(Given records)
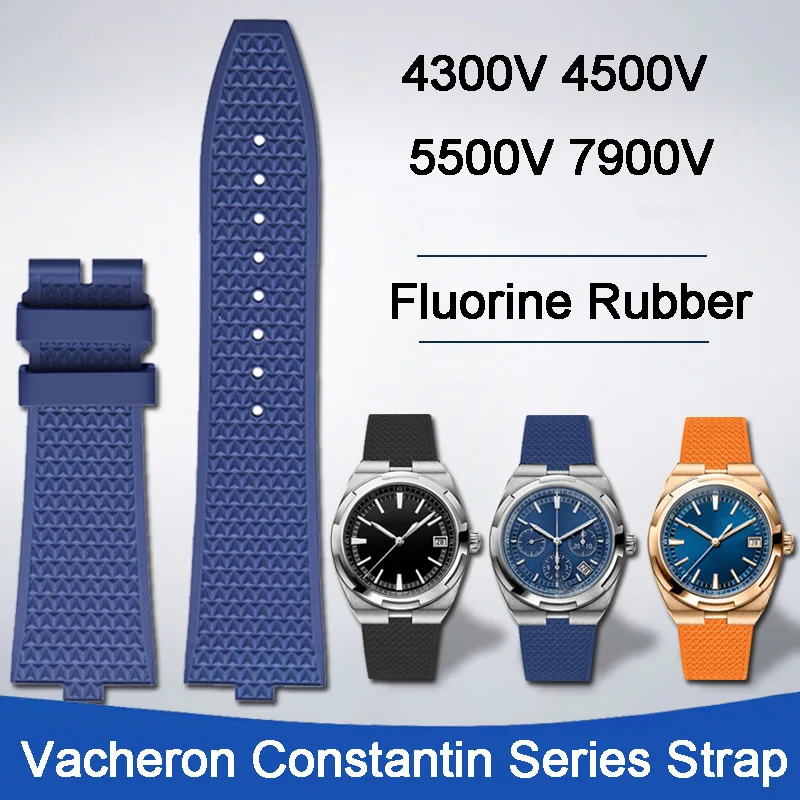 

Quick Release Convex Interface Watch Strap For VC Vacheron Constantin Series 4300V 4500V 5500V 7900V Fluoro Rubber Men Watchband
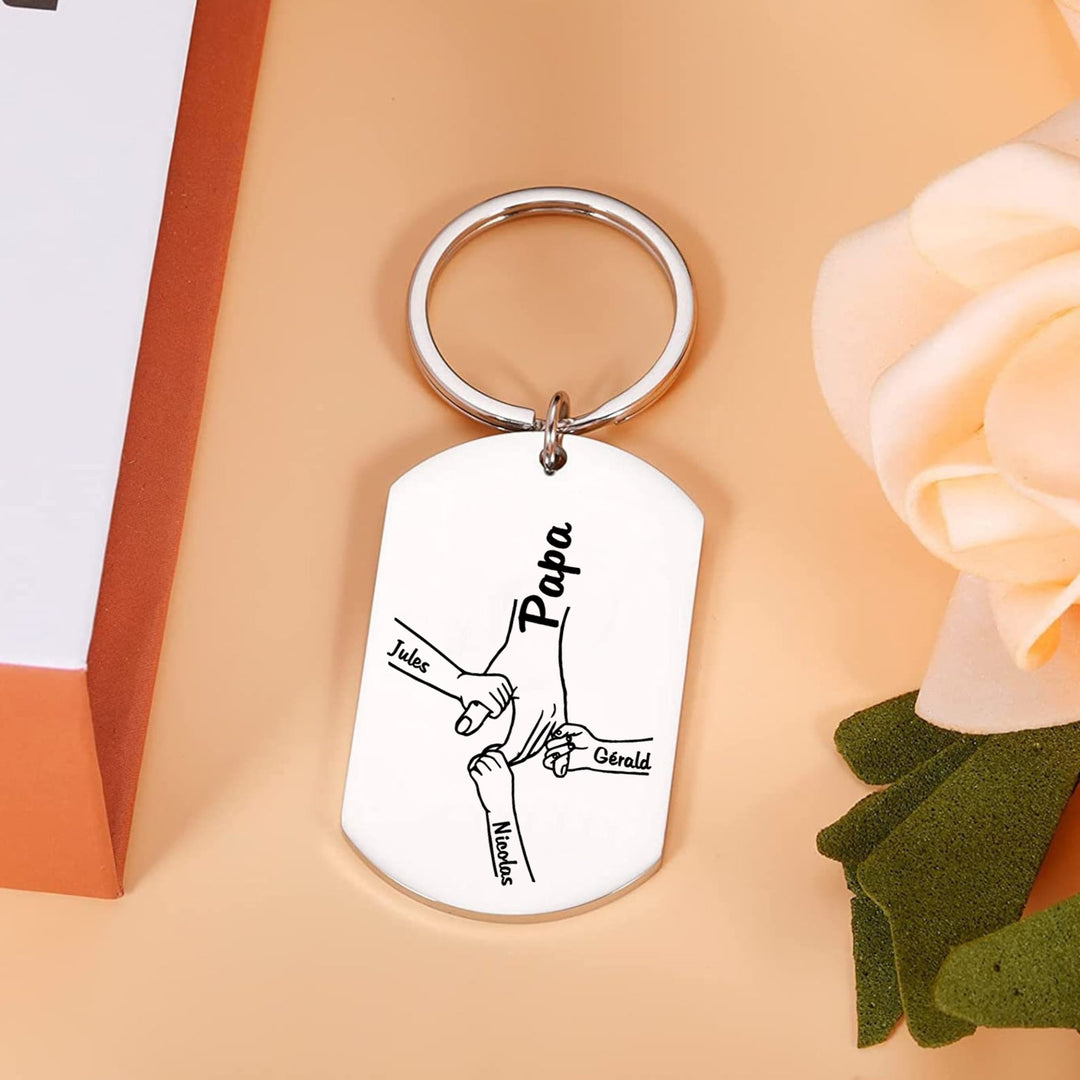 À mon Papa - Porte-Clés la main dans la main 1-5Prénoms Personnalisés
(End Given records)
(Given records)
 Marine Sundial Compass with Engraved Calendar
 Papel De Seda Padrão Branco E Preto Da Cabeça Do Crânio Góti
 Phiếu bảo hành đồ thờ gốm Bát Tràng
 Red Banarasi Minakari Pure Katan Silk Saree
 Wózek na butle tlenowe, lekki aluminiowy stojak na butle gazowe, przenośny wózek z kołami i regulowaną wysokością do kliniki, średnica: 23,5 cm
(End Given records)
• **Assignment**:
Copy the lines above exactly. Start with the line containing "Red Banarasi Minakari Pure Katan Silk Saree", end with the line containing "Wózek na butle", and include both.

• **Solution to the problem**:
 Red Banarasi Minakari Pure Katan Silk Saree
 Wózek na butle tlenowe, lekki aluminiowy stojak na butle gazowe, przenośny wózek z kołami i regulowaną wysokością do kliniki, średnica: 23,5 cm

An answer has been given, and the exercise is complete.